Brief =>
Leave every picture out, and print the full listing again exactly.

*** Task data ***

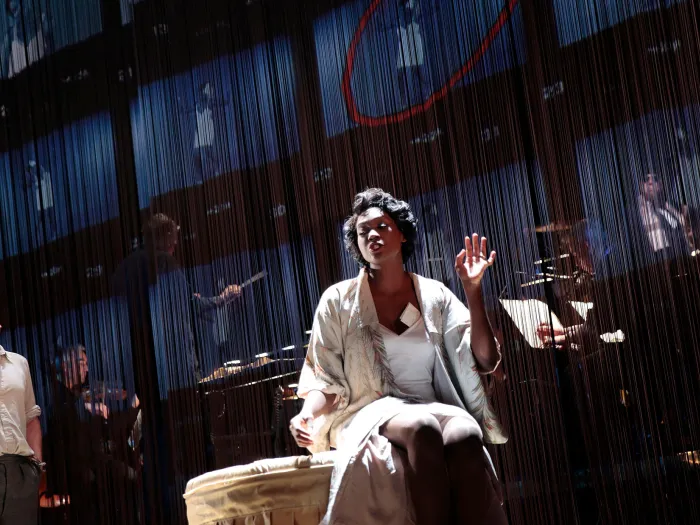 Szene aus "American Lulu", 2013 im Festspielhaus, zwei Darstellende, im Vordergrund eine Darstellerin sitzt und hebt eine Hand, links ein weiterer Darsteller, im Hintergrund von der Decke hängende Fäden und Musiker:innen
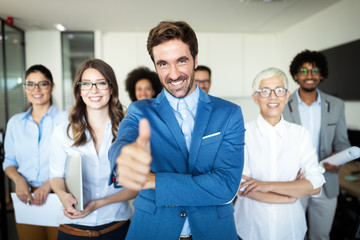 Fototapeta premium Successful team of young perspective businesspeople in office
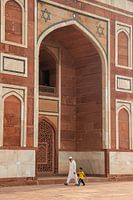 Father and son at tomb.
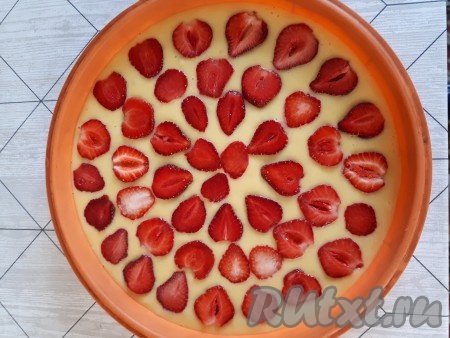 Для приготовления штрейзеля соединить муку, сахар и сливочное масло и перетереть руками до образования крошки. Переложить подготовленное тесто в форму, смазанную маслом. У меня силиконовая форма диаметром 26 см, поэтому я её ничем не смазывала. Клубнику разрезать на половинки (четвертинки) и выложить на тесто.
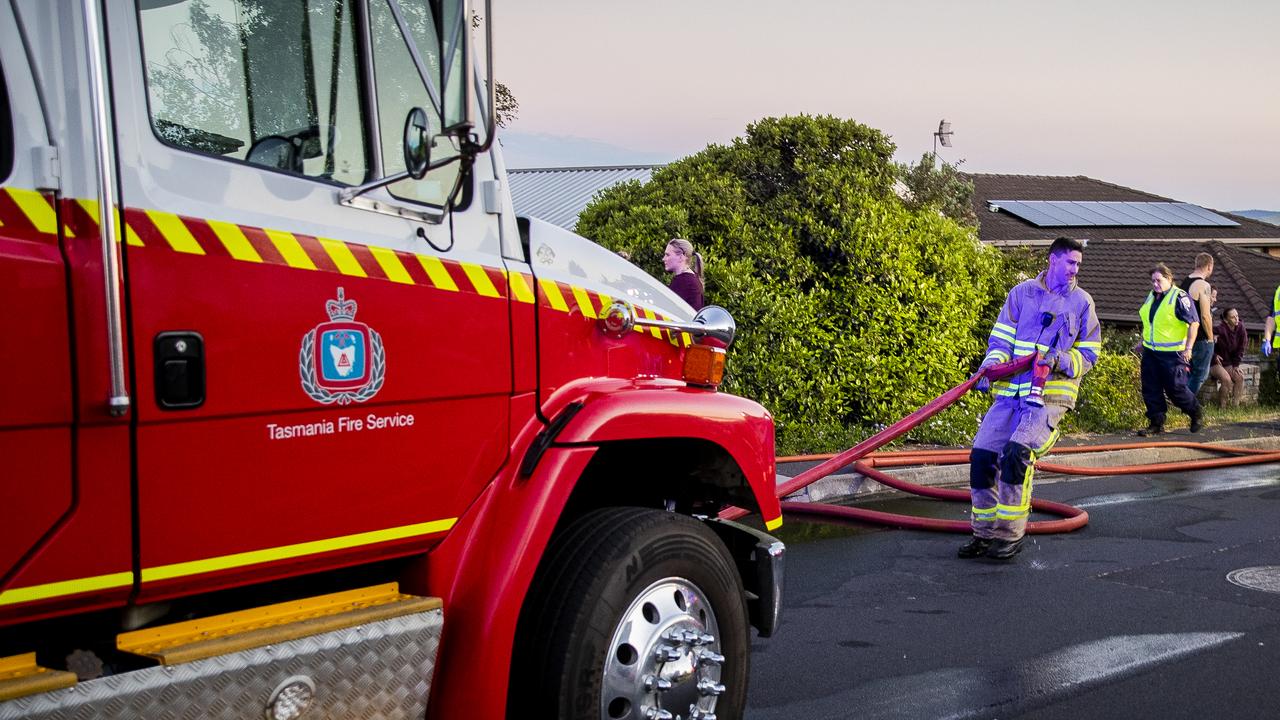 Tasmania Police and Tasmania Fire Service attend a house fire. Richard Jupe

*** End of Task data ***

Answer box =>
 Szene aus "American Lulu", 2013 im Festspielhaus, zwei Darstellende, im Vordergrund eine Darstellerin sitzt und hebt eine Hand, links ein weiterer Darsteller, im Hintergrund von der Decke hängende Fäden und Musiker:innen
 Fototapeta premium Successful team of young perspective businesspeople in office
 Father and son at tomb.
 Для приготовления штрейзеля соединить муку, сахар и сливочное масло и перетереть руками до образования крошки. Переложить подготовленное тесто в форму, смазанную маслом. У меня силиконовая форма диаметром 26 см, поэтому я её ничем не смазывала. Клубнику разрезать на половинки (четвертинки) и выложить на тесто.
 Tasmania Police and Tasmania Fire Service attend a house fire. Richard Jupe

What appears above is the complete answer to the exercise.